Changing AWS RDS IOPS provisioning in production

Robert Rees
POP Developers
Published in
2 min readSep 24, 2018

Recently we had to change the amount of IOPS we had provisioned on our production instances. The ModifyDBInstance documentation says this can be done without outage or disruption, but Googling for people who had made the change revealed a variety of stories about people’s experience so I thought it might be useful to add how our change went.

tldr; as per the documentation it is fine to change to change your provisioned IOPS on a running system without risking outages in your production system.

Situation

We had made a database change where the execution on production was different from pre-production and therefore the database was having to do significantly more work. We hit our IOPS limit and database reads were therefore being throttled resulting in the entire system running slowly and dropping below acceptable performance for some users.

Solution

We added an emergency index which improved the point problem and made sure we wouldn’t just consume any additional resources once they were supplied.

We then maxed out the Provisioned IOPS which would effectively remove any quota or throttling restrictions.

Why we expected this to work

We have a shared pre-production environment where the IO demand is small on individual instances but can experience significant peaks as environments come on line and are used for various testing procedures.

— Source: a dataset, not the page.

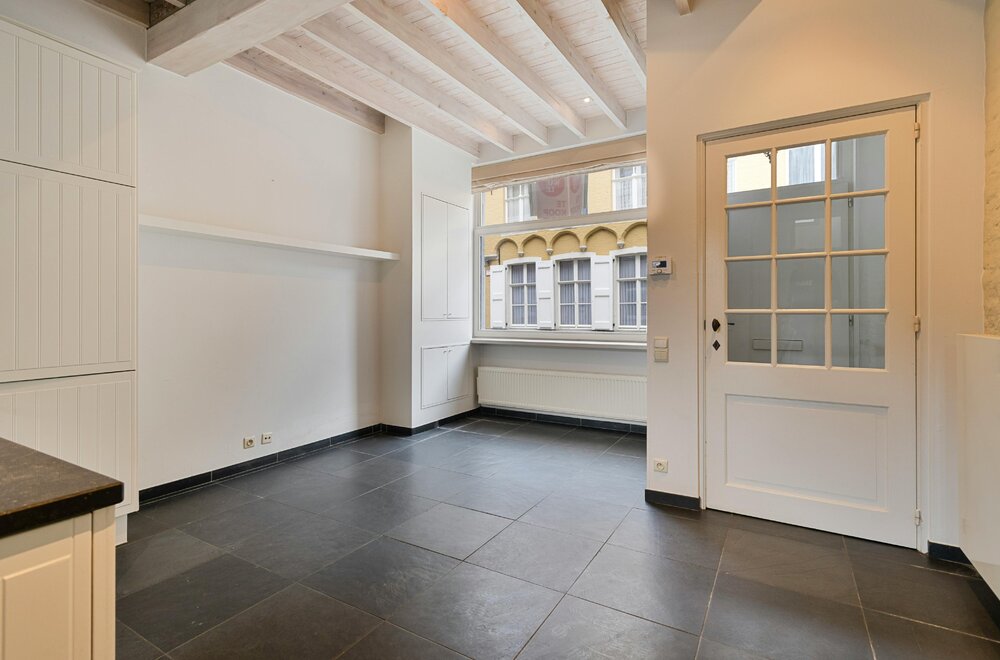 uniek-gerenoveerde-herenwoning-in-brugge-met-3-slaapkamers003.jpg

We were essentially applying the same configuration for our pre-production environment and were expecting similar performance output.

What happened

We have read-replicas attached to our production master instance and these have to be setup to the new provisioned value before the master. This meant our migration time was doubled but it also meant we got to track the process in a much less critical instance. The change in the replica turned out to be identical to that in the production instance.

The total time to provision the new IOPS was around 45 minutes from start to completion. However we saw the new behaviour resulting from the changed limit around 20 minutes into the change. On the production instance the throttling of operations ceased and after a spike of work the system returned to the responsiveness that users were expecting.

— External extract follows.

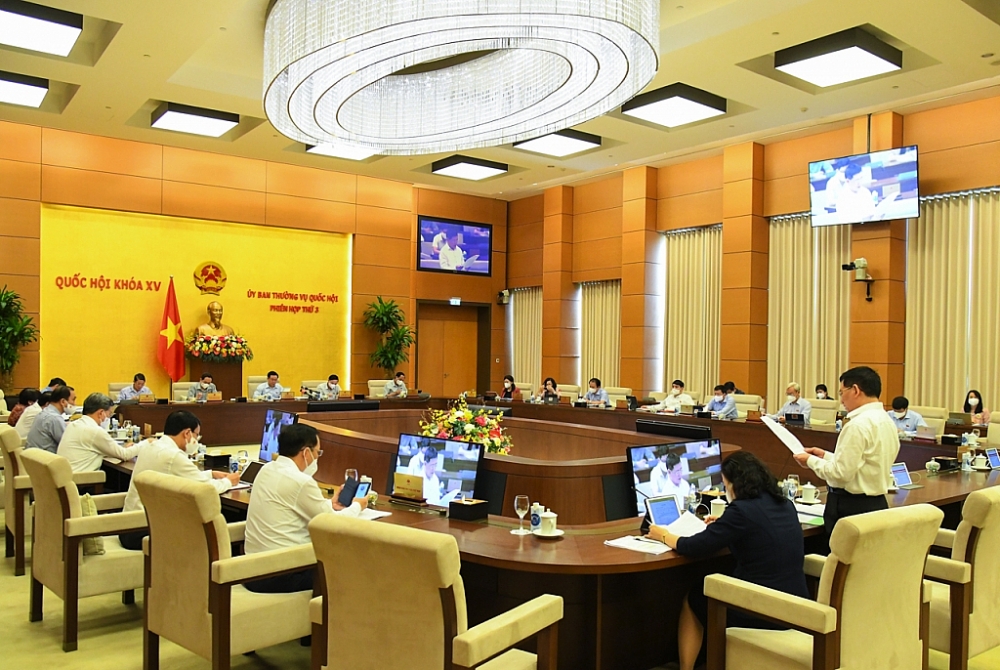 国会常委会赞同给受新冠肺炎疫情影响的企业和人民减免税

Essentially the system was returned to health and normal operation well before the entire change was complete and without any outage of the service.

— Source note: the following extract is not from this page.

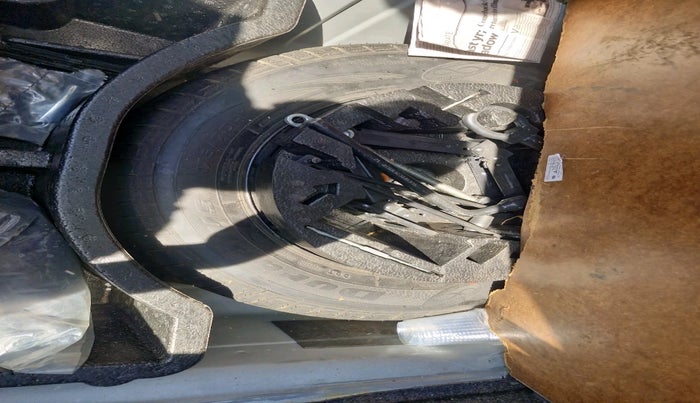 2019 Skoda Rapid STYLE 1.6 MPI, Petrol, Manual, 74,546 km, tyre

If we had needed to make this change in a hurry (say the system was down rather than in a degraded performance state) we would have been better off bringing down the replicas, provisioning the master and then bringing up a new replica.

What’s next?

There’s not a strong moral to this post, it’s really just about sharing information. Once we’d rectified the problem we could have downsized the provisioned IOPS but to simplify the operations side we’re keeping the value higher than we absolutely need for now to stop mistakes in development impacting our clients.

--

--